Au bout du compte, le film qui ressortira de ce périple sera un objet atypique, presque vivant, qui sur le personnel, l’intime, le vécu, l’humain, à un point tel qu’on peut parfois avoir l’impression de se trouver face à des private jokes dont les clés ne sont pas mises à notre disposition, ou même de ressentir de la gêne face à l’exhibition d’histoires trop intimes pour être racontées sur grand écran. Bellflower ça parle d’amitié indéfectible, d’amour éphémère et inconscient, de petites et de grandes trahisons, mais aussi d’alcool, de la route, des bagnoles comme prolongement de la bite et de Mad Max 2 comme idéal de vie. Avec son image aux bords flous et aux teintes saturées, sa musique folk planant et badante et son découpage en chapitres, Bellflower est un trip profondément mélancolique, où même les instants de bonheur et les grands beaux moments de franche camaraderie semblent recouverts d’un voile de brume nous rappelant en permanence que la joie et le bien-être ne sont que les lointains souvenirs d’une époque révolue. Ce n’est que dans sa dernière partie que le film s’accélère, et cette accélération, d’ailleurs amorcée par un ralenti, se fait sous forme d’une perte de contrôle totale, dans laquelle l’apocalypse ne se déchaîne pas tant devant la caméra que derrière : Bellflower était sublime parce qu’il avait à tout moment l’ait d’être à deux doigts de s’effondrer comme un château de cartes, et c’est précisément ce qui se passe dans ses dernières minutes. Mais, quelque part, on n’est pas vraiment déçu de découvrir qu’il était aussi faillible que vous et moi. Les films trop parfaits sont si chiants.

Nombreux sont ceux qui ne se sont pas privés de porter sur Bellflower un regard plein de condescendance, critiquant son côté hasardeux, son aspect de film d’études, le manque de profondeur de ses dialogues (qui ont pourtant le mérite de ne jamais donner l’impression d’être écrits), et reprochant surtout à Evan Glodell d’avoir battu le fer de ses peines de cœur pendant qu’il était encore chaud au lieu de laisser cicatriser ses blessures pour en tirer quelque chose de plus abouti.

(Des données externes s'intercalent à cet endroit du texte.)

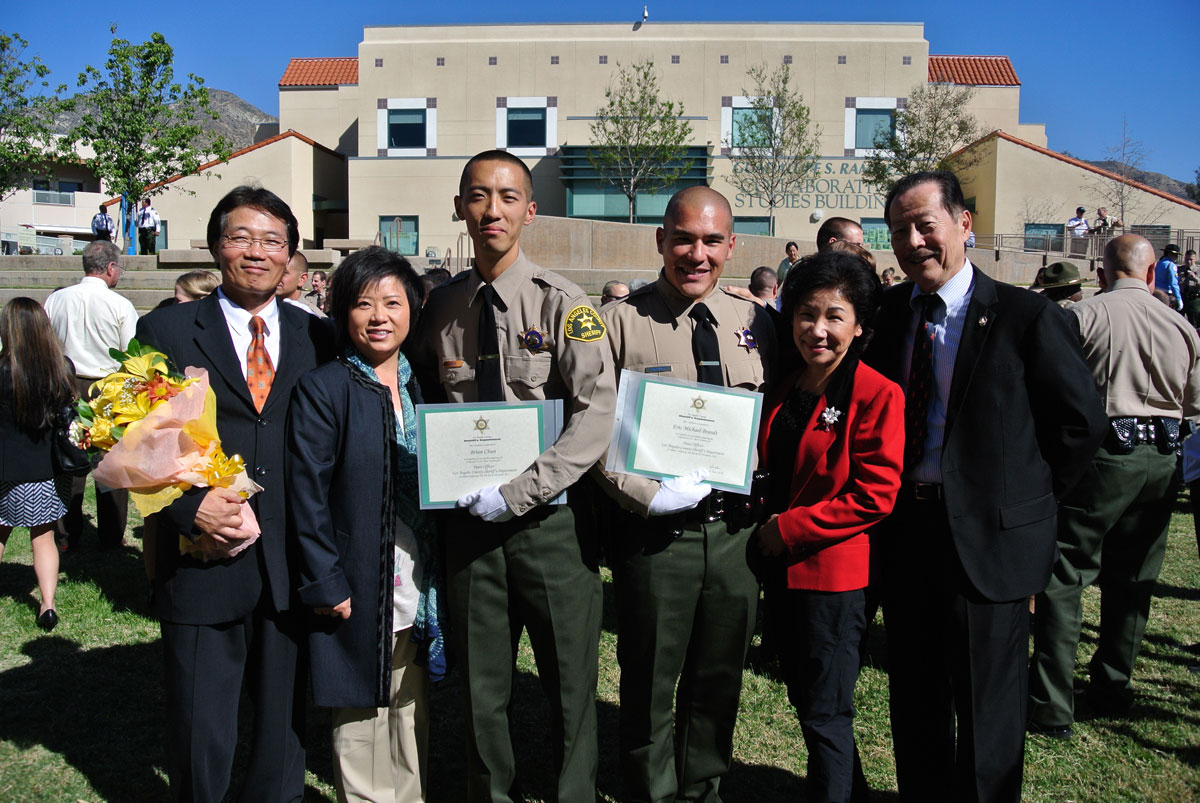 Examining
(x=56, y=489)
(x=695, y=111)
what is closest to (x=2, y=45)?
(x=695, y=111)

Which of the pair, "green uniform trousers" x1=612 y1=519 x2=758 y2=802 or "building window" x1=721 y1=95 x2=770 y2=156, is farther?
"building window" x1=721 y1=95 x2=770 y2=156

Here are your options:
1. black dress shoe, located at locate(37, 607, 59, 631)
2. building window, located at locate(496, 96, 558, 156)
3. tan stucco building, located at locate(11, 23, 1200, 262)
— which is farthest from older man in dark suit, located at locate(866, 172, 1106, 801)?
building window, located at locate(496, 96, 558, 156)

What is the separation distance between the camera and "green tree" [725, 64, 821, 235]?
3391 cm

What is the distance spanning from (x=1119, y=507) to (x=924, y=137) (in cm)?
3120

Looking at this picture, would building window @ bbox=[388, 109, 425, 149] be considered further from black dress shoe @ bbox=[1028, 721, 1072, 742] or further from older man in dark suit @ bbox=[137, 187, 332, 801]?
black dress shoe @ bbox=[1028, 721, 1072, 742]

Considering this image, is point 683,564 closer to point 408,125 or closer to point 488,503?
point 488,503

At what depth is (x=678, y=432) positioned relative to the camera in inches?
125

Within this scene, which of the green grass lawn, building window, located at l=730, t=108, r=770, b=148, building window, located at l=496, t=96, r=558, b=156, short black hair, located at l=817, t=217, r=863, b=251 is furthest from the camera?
building window, located at l=496, t=96, r=558, b=156

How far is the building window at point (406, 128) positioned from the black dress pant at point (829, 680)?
3672cm

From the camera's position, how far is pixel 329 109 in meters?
41.5

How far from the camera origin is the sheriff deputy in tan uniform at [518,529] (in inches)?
126

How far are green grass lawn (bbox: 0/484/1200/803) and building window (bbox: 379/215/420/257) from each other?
3051 centimetres

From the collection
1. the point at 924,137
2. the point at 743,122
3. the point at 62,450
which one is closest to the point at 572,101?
the point at 743,122

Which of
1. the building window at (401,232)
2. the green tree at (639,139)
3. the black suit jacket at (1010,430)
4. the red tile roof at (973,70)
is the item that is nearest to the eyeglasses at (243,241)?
the black suit jacket at (1010,430) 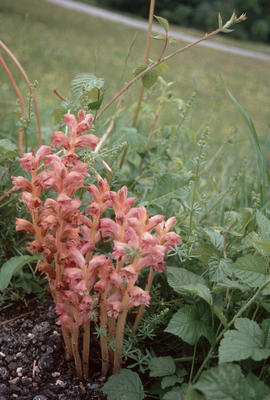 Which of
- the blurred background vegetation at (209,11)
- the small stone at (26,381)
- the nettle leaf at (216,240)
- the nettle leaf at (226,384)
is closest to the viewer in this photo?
the nettle leaf at (226,384)

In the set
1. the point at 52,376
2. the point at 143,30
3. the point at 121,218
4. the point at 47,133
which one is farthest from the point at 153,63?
the point at 143,30

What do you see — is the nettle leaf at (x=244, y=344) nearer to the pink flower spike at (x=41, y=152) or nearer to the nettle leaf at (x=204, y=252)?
the nettle leaf at (x=204, y=252)

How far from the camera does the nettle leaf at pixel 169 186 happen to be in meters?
1.51

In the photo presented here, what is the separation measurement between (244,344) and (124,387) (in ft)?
1.13

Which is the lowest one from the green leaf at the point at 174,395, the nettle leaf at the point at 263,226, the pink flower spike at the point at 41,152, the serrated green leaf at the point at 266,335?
the green leaf at the point at 174,395

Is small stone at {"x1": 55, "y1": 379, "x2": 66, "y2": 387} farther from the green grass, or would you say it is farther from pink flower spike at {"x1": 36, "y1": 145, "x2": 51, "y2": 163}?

Je pense exactement le contraire : c’est justement parce que Glodell n’a pas réfléchi, n’a pas entrepris de démarche cérébrale et n’a pas cherché la cohérence que son film est si beau. Befflower vaut le détour justement parce qu’il est de ces œuvres rares, dont les lois de l’industrie disent qu’il n’est normalement pas possible qu’elles parviennent à voir le jour, qui hurlent sans même s’en rendre compte qu’à l’origine d’un film il peut y avoir un individu, avec ses sentiments, ses goûts parfois discutables et ses failles ; alors que nous vivons une époque où les films sont de plus en plus le fruit d’une machine au sein de laquelle aucun rouage n’est irremplaçable et où le compromis supplante constamment l’affirmation, c’est une démarche artistique spontanée des plus salutaires.

Bellflower ça parle d’amitié indéfectible, d’amour éphémère et inconscient, de petites et de grandes trahisons, mais aussi d’alcool, de la route, des bagnoles comme prolongement de la bite et de Mad Max 2 comme idéal de vie.